Beginning at the line that holds "Used 2019 GMC Acadia Denali AWD/4WD image 26", transcribe each line exactly through the end of the records, and leave any pictures out.

▶ **Provided information**
_ _ _

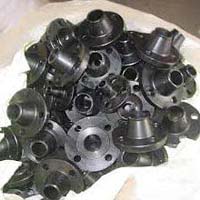 Carbon Steel Flanges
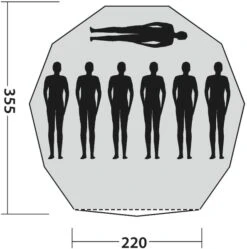 Easy Camp Moonlight Bell Tipi Familietent - 4/7 Persoons 33 Easy Camp Moonlight Bell Tipi Familietent - 4/7 Persoons -Bo-Camp || Intex || Outwell Verkoopwinkel 1802 1900 0ba30f34 dcf0 4c1f aeb2 9f03ea3a63d7 1280x960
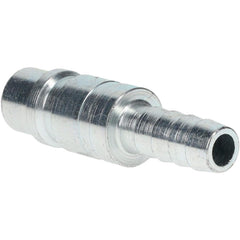 PARKER Parker H4F Pneumatic Hose Coupling 1/2 in Tru-flate 300 Psi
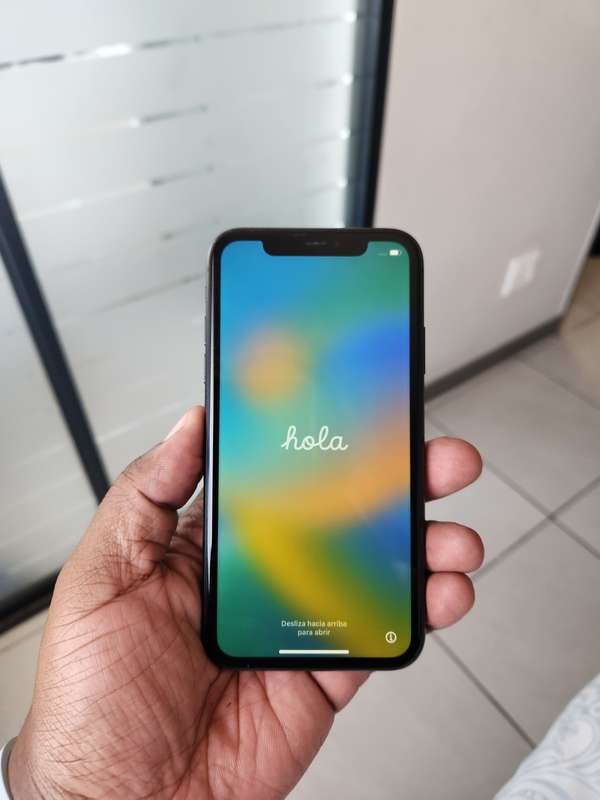 iPhone 11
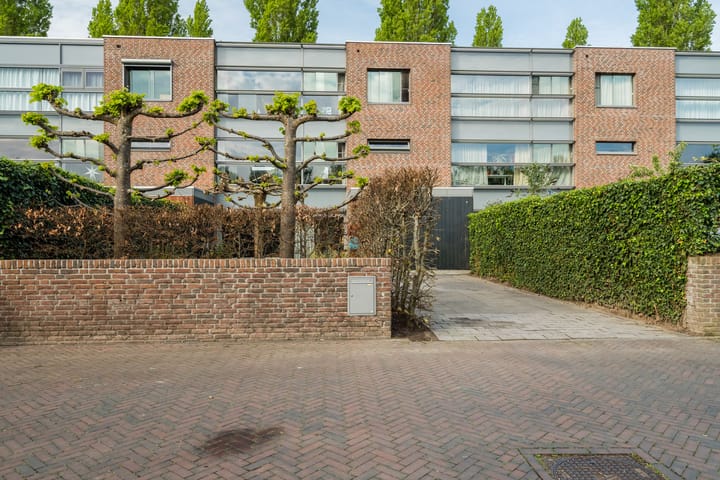 Foto 59 van Leo Fallplantsoen 12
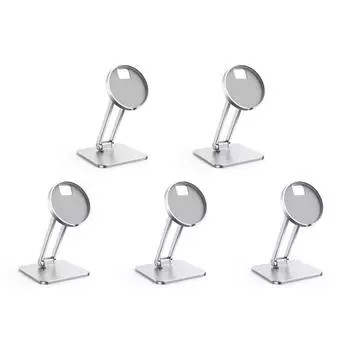 Подставка для телефона для настольного зарядного устройства MagSafe Charger для iPhone 15 14 13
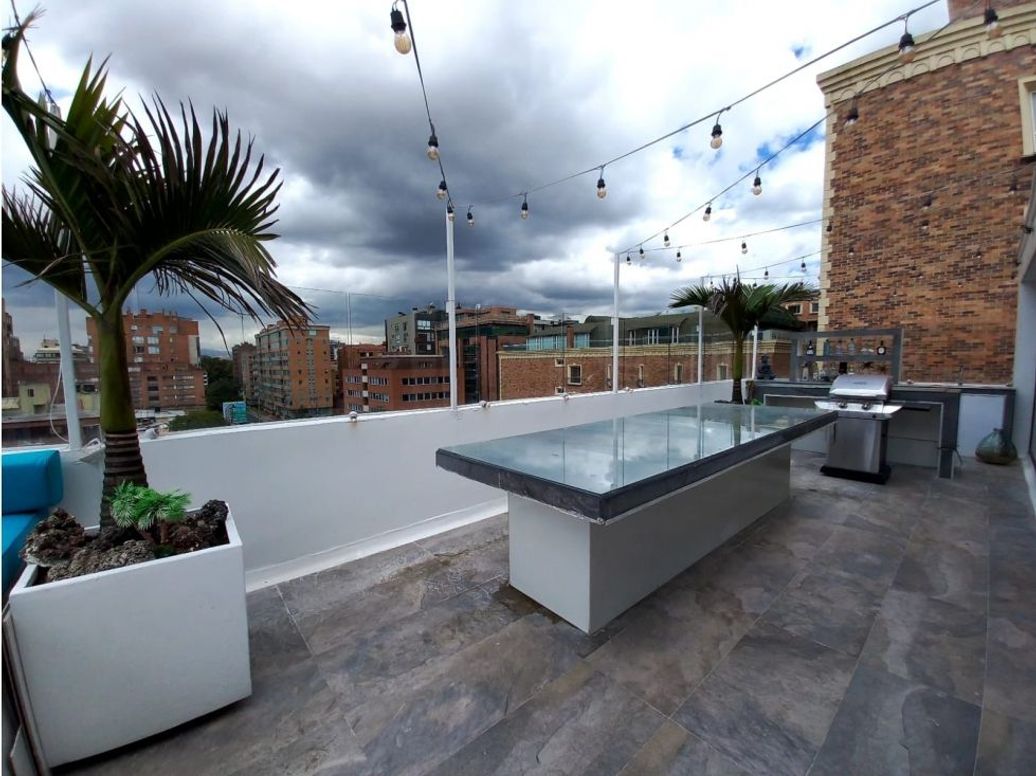 Apartamento de 5 alcobas en venta en Chico, Bogotá, 808 m² · foto 6 de 20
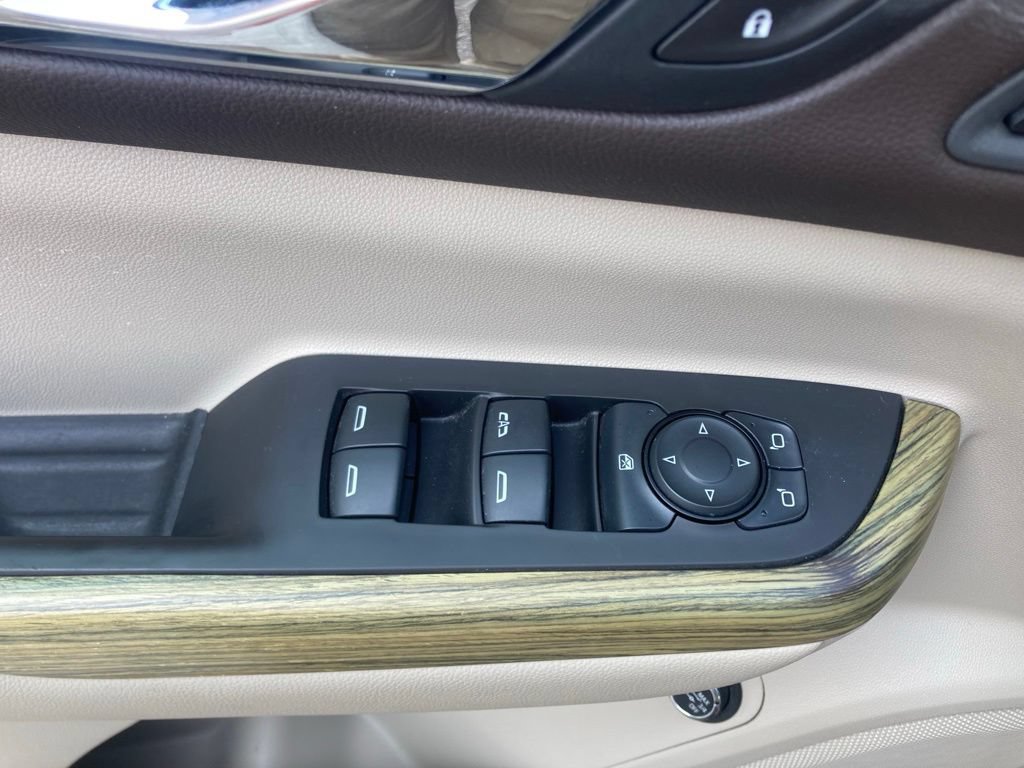 Used 2019 GMC Acadia Denali AWD/4WD image 26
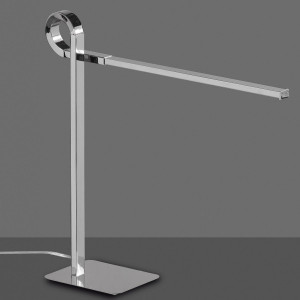 066587 Настольная лампа 6135 Mantra Cinto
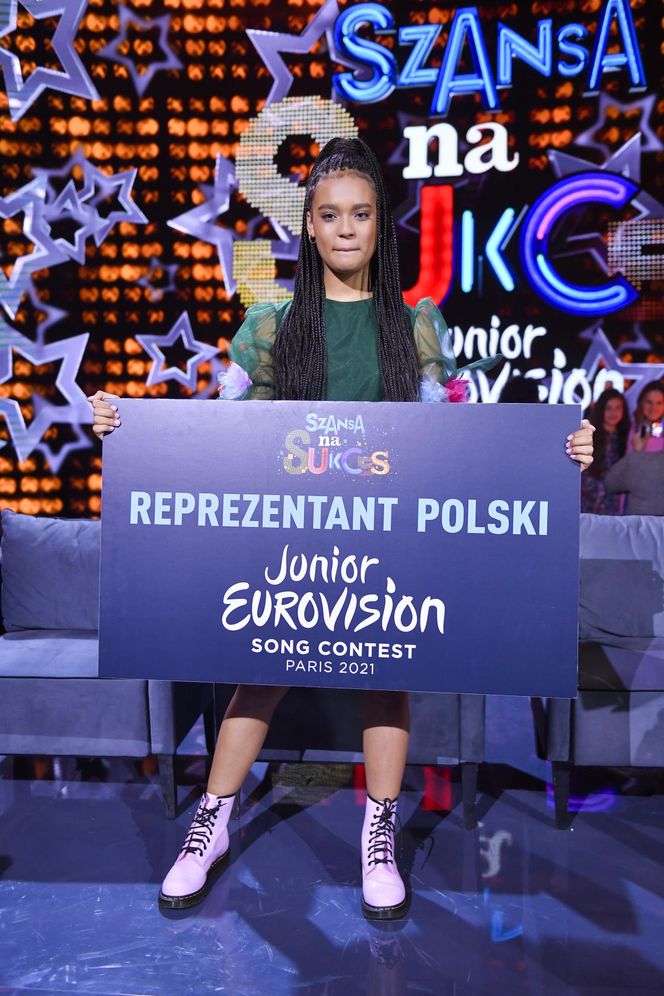 Eurowizja Junior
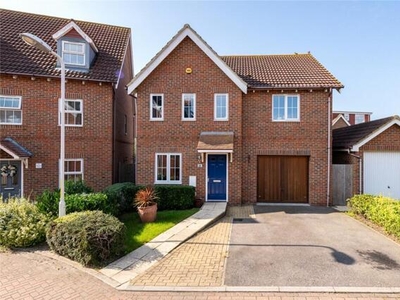 4 Bedroom Detached House For Sale In Sheerness, Kent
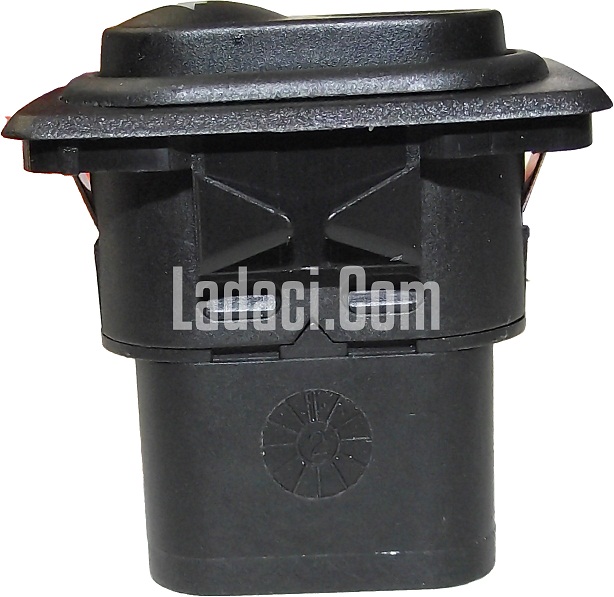 Lada Vega Cam Açma Düğmesi, Anahtarı, Tekli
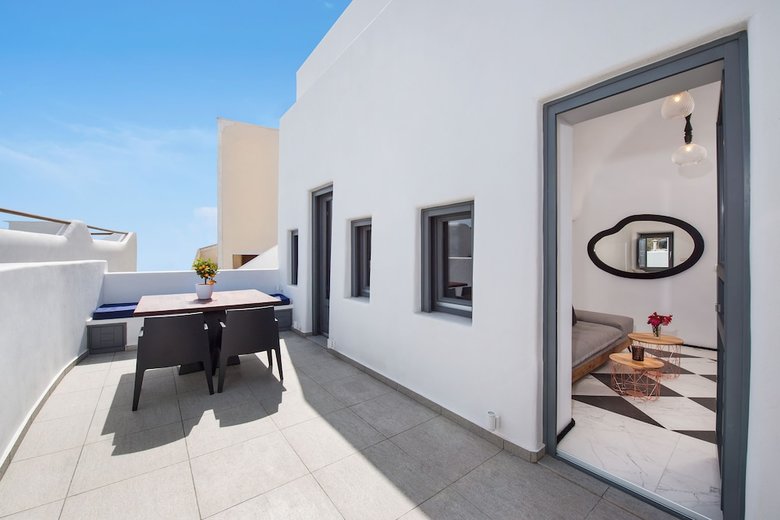 Mirinda Villa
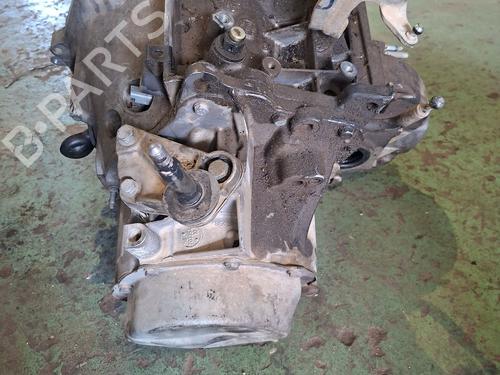 Gearbox PEUGEOT PARTNER Tepee 1.6 HDi 90 | BP36453509M3 - Image 3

_ _ _

▶ **Answer space**
 Used 2019 GMC Acadia Denali AWD/4WD image 26
 066587 Настольная лампа 6135 Mantra Cinto
 Eurowizja Junior
 4 Bedroom Detached House For Sale In Sheerness, Kent
 Lada Vega Cam Açma Düğmesi, Anahtarı, Tekli
 Mirinda Villa
 Gearbox PEUGEOT PARTNER Tepee 1.6 HDi 90 | BP36453509M3 - Image 3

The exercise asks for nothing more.